Osmanlı Padişahı III. Selim'in saltanatı döneminde 1792-1805 yılları arasında Osmanlı İmparatorluğu ve Rusya barış içinde yaşamışlardı. Hatta Osmanlı İmparatorluğu Mısır'ı işgal eden Fransa'ya karşı İngiltere ve Rusya ile işbirliği yaptı. 24 Eylül 1805 tarihinde Osmanlı İmparatorluğu Rusya ile mevcut ittifak antlaşmasını yeniledi. Ancak bu antlaşmanın imzasından kısa bir süre sonra Osmanlı İmparatorluğu ve Rusya arasında yeni bir anlaşmazlık çıktı. Rusya, Osmanlıların Rus yanlısı Alexander Muzuri (Eflak) ve Konstantin İpsilantis (Boğdan) voyvodaları görevden almasından hoşnut değildi. General Johann (Ivan) Michelson komutasındaki 40.000 civarında Rus askeri 11 Kasım 1806'da Dinyester'i geçerek Eflak ve Boğdan'a girdi. III. Selim 22 Aralık 1806 tarihinde boğazları kapattı ve Rusya'ya savaş ilan etti.
İlk çarpışmalar
1806 yılının Kasım ayında savaş ilan etmeden Eflak ve Boğdan'a giren ve karşısına düzenli bir Osmanlı kuvvetinin çıkamadığı Rus ordusu, kısa bir süre içerisinde Kili, Bender, Hotin ve Akkerman Kalesi gibi kalelerden kimini savaşla ve kimini de hileyle ele geçirdi. Bu kalelerin işgal edilmesinin ardından, İzmail Kalesi’nin de teslim olacağını zanneden Ruslar, kalenin önüne geldiklerinde beklemedikleri bir karşılık gördüler. Daha ilk çatışmada üç bin dolayındaki Rus birliği, altı yüz süvarisi bulunan ve kaleye yardıma gelmiş Pehlivan İbrahim Ağa tarafından bozguna uğradılar. Zaferin ardından Pehlivan İbrahim Ağa mirahor-ı evvel rütbesi ile, Kale muhafızı Kasım Paşa da vezirlik rütbesinin yanı sıra gazilik unvanı ile ödüllendirildi. İzmail Kalesi'nin savunmasını sağlamlaştıran Pehlivan İbrahim Ağa beşyüz kadar atlısıyla binbeşyüz kişilik Rus süvari birliklerini İzmail’e dokuz saat mesafedeki Çamasuy Karyesi'nde bozguna ugrattı. 26 Ağustos 1807 tarihindeki mütarekeye kadar devam eden bir buçuk yıllık süreçte Pehlivan İbrahim Ağa, gönüllü birliklerin yanı sıra Veli Paşa, Karslı Ali Paşa ve Boşnak Abdullah Ağa gibi komutanların da yardımıyla İzmail Kalesindeki savunmasını sürdürdü ve düşmanı karşısında bir adım bile geri çekilmedi. Serdar-ı Ekrem olan sadrazam Keçiboynuzu İbrahim Hilmi Paşa komutasında Osmanlı ordusu ise, 12 Nisan 1807'de Bulgaristan'dan Tuna Nehri üzerinden Eflak topraklarına girerek Bükreş'e yöneldiyse de, Mikail Miloradoviç komutasındaki Rus ordusu tarafından 2 Haziran 1807 tarihinde Obileşti Muharebesi'nde püskürtüldü.

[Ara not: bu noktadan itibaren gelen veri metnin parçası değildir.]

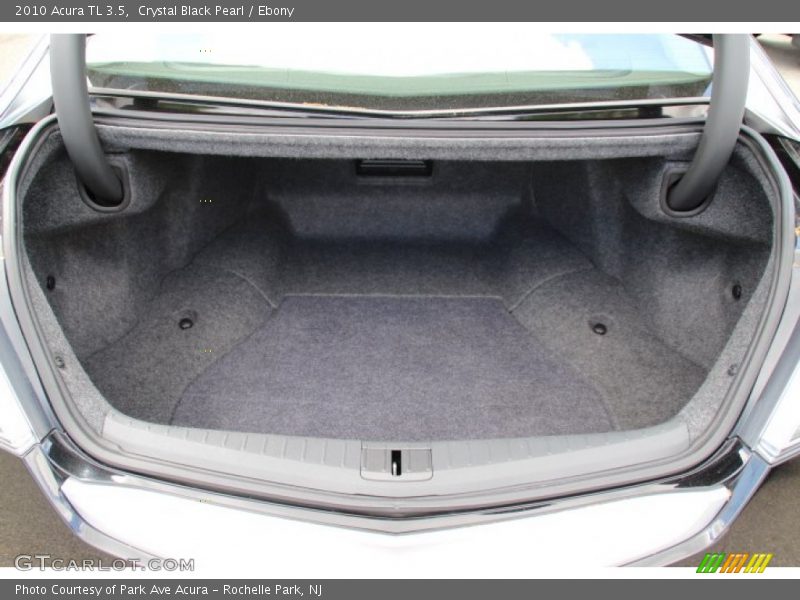 Crystal Black Pearl / Ebony 2010 Acura TL 3.5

Doğu Cephesinde ise İvan Gudoviç komutasındaki 17.000 kişilik Rus birliği 18 Haziran 1807 tarihinde Arpaçay Muharebesi'nde Kör Yusuf Ziyaüddin Paşa komutasındaki yaklaşık 20.000 kişilik Türk birliğini mağlup etmeyi başardı. Bu iki muharebe sonucunda Batı ve Doğu cephelerinde durum sabitlendi.
Denizde ise Dmitry Senyavin'in komutanlığındaki Rus donanması, Seydi Ali Paşa (Yusuf Paşazade) komutasındaki Türk donanmasına üstünlük sağlamayı başardı. 22-23 Mayıs 1807 tarihlerinde Çanakkale Muharebesi'nde, 19-22 Haziran 1807 tarihlerinde de Limni Muharebesi'nde galip gelen Rus donanması Ege Denizi'nde hareket serbestisi kazandı.
Kabakçı Mustafa İsyanı
Bu çarpışmalar sürerken İstanbul büyük bir siyasi kargaşa içine girdi. 29 Mayıs 1807 tarihinde Kabakçı Mustafa isyanı sonucu III. Selim Osmanlı tahtından indirilmiş ve yerine IV. Mustafa tahta geçmişti. IV. Mustafa'nın saltanatı boyunca Osmanlı sarayında büyük bir kargaşa yaşandı. Yeniçeriler saraya hakim oldular. 28 Temmuz 1808 yılında taht tekrar el değiştirdi. IV. Mustafa'nın yerine II. Mahmut tahta geçti.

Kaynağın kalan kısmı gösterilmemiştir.